ARTICLE IV: COMMISSION
(a) The Reinsurer shall make a monthly ceded commission allowance to the Company on the gross
premiums ceded under this Agreement in an amount equal to the general expenses, service provider’s
fee, taxes, licenses and fees incurred applicable to underwriting and administration, excluding
investment expenses and Federal Income Taxes.
(b) Any estimated charges included in the monthly ceded commission allowance shall be
adjusted at the end of each calendar year when the actual amounts have been determined.
adjusted at the end of each calendar year when the actual amounts have been determined.
(c) On all gross return premiums the Company shall refund to the Reinsurer the commissions
allowed thereon.
ARTICLE V: LOSSES, LOSS ADJUSTMENT EXPENSES AND SALVAGES
(a) The Company shall settle all loss claims under its Policies and the Reinsurer shall pay to
the Company 100% of all such loss claims paid by the Company.
(b) The Reinsurer shall bear 100% of all expenses incurred by the Company in the
investigation, adjustment and litigation of all claims under its Policies. Such expenses will
include those of salaried adjusters and claims related administrative expenses.
(c) The Reinsurer shall benefit prorata in all salvages, discounts and other recoveries.

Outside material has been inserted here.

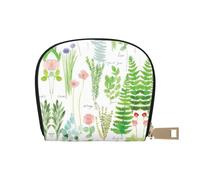 Ghjkfbf Springtime Herb Garden Print Casual Leather Wallet For Men Women Classic Zipper Pocket Credit Card Coin Purse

ARTICLE VI: REPORTS AND REMITTANCES
(a) The Company shall render a monthly account to the Reinsurer summarizing the premiums
ceded, return premiums, commissions on net premiums, losses and loss adjustment expenses paid, and
salvages and other recoveries. The balance due either party shall be remitted by the other party
at the time the accounts are rendered.
(b) The Company shall furnish the Reinsurer a report of premiums in force, unearned premium
reserves and outstanding loss reserves as of the end of each calendar quarter.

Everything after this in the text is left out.